Online Program

Genome-wide association studies for predicting hypertension: Comparing Support Vector Machines and Permanental Classification

*Hsin-Hsiung Huang, Mr. 
Jie Yang, Prof. 

Keywords: hypertension, SNP, genotype, phenotype, SVM, permanental classification

Background: Genetic Analysis Workshop 18 (GAW18) provides genome-wide association study (GWAS) data of 1043 individuals are from 20 Mexican American pedigrees enriched for type 2 diabetes from San Antonio, Texas. The data are longitudinal, with three measurements at four time intervals (1981 to 1996, 1997 to 2000, 1998 to 2006 and 2009 to 2011). Since there are missing observations in the original phenotype data, GAW18 also provide 200 replicates of simulated data which consist of 849 individuals who have hypertension status, GWAS genotypes (SNPs), age, sex, smoking status, parents and pedigree information.

Methods: In our analysis, we use the GWAS data of Chromosome 3 and the simulated phenotype data. The GWAS of Chromosome 3 contains 65519 single-nucleotide polymorphisms (SNPs). The goal of our analysis is to predict whether people will have hypertension. Hence, we use the simulated data. We choose different numbers of SNPs and compare the corresponding prediction error rates. We also compare the performance of support vector machines (SVM) and the newly developed permanental classification (PC) method given different number of significant single-nucleotide polymorphisms (SNP). that are selected by logistic regression. In the second step, we use the significant SNPs with support vector machines (SVM) and a newly developed permanental classification (PC) methods for prediction purpose. We also find rare variants and investigate their impact on prediction.

Results: We use the genotype SNPs and covariates Smoke, Age, Sex, interaction of Age and Sex, Mother, Father, Pedigree chosen by logistic regression for SVM and PC. The numbers of SNPs used for SVM and PC are 0, 5, 10, 15, 20, 50, 100 and 200. Without using SNPs, the error rates of SVM and PC are 24% and 26% respectively, while using the 100 significant SNPs the prediction error rates of SVM and PC are both reducing to 12%. Moreover, the rare variants only provide small improvements (1~2%) for prediction. Our results show that SVM and PC both outperform logistic regression, while SVM and PC are comparable in predicting hypertension status.
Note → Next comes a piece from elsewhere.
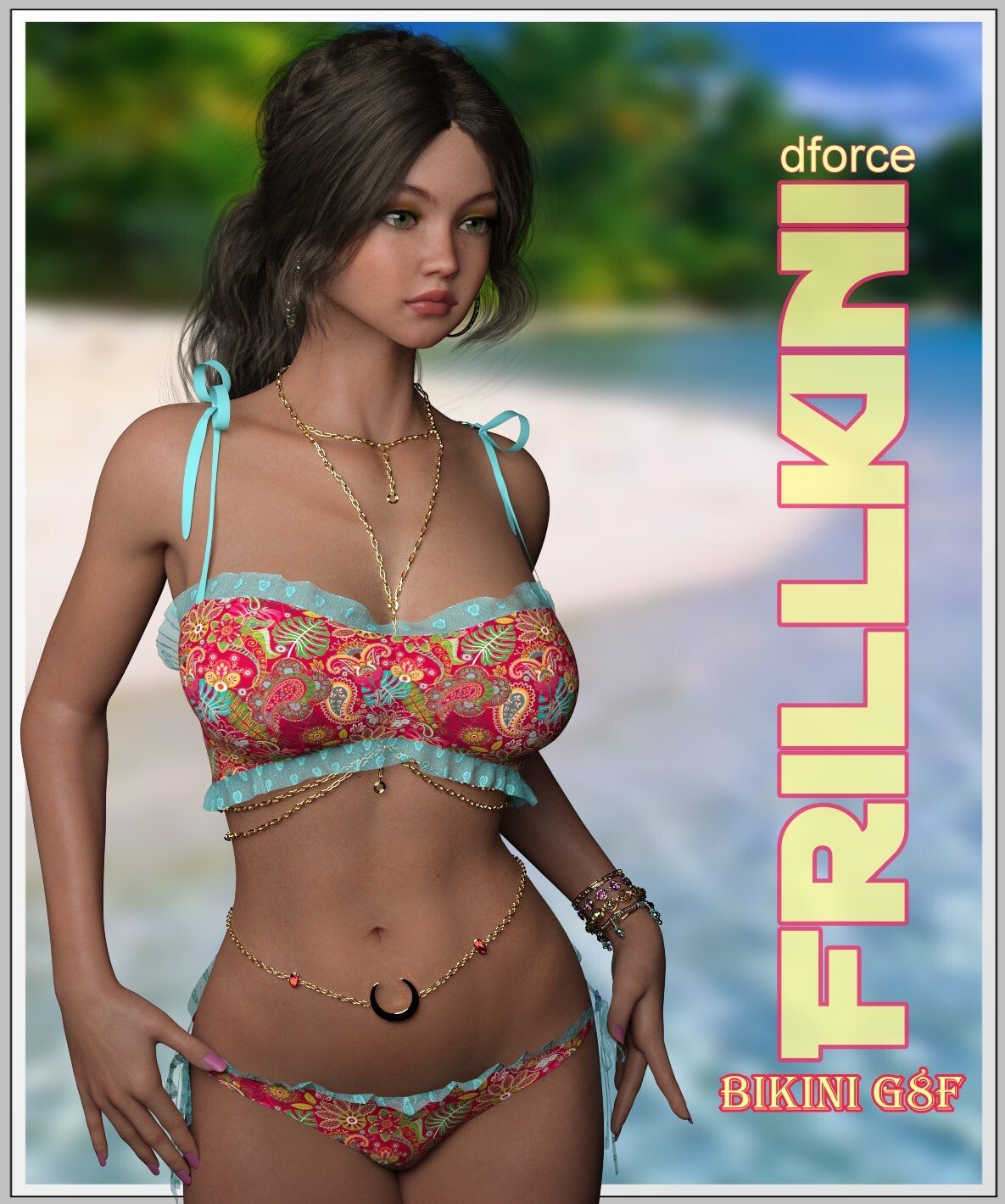 dforce- Frillkini - G8F by: LUNA3D, 3D Models by Daz 3D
Conclusion: The significant common variants of SNPs are highly correlated with hypertension, so they help predict hypertension. Since rare variants only occur in some specific families, we may use them to find which SNPs may cause hypertension for some particular families. Collapsing methods that create dummy variables indicating the presence of every rare variant in a gene can be more powerful and many different such approaches are in the literature. Moreover, the error rates of SVM and PC are both close 12% when using 100 or 200 most significant SNPs. The testing error rate increases a little bit for SVM and the testing error rate decreases for PC, when the most significant 200 SNPs are used as predictors. This implies that over-fitting occurs for SVM in this situation.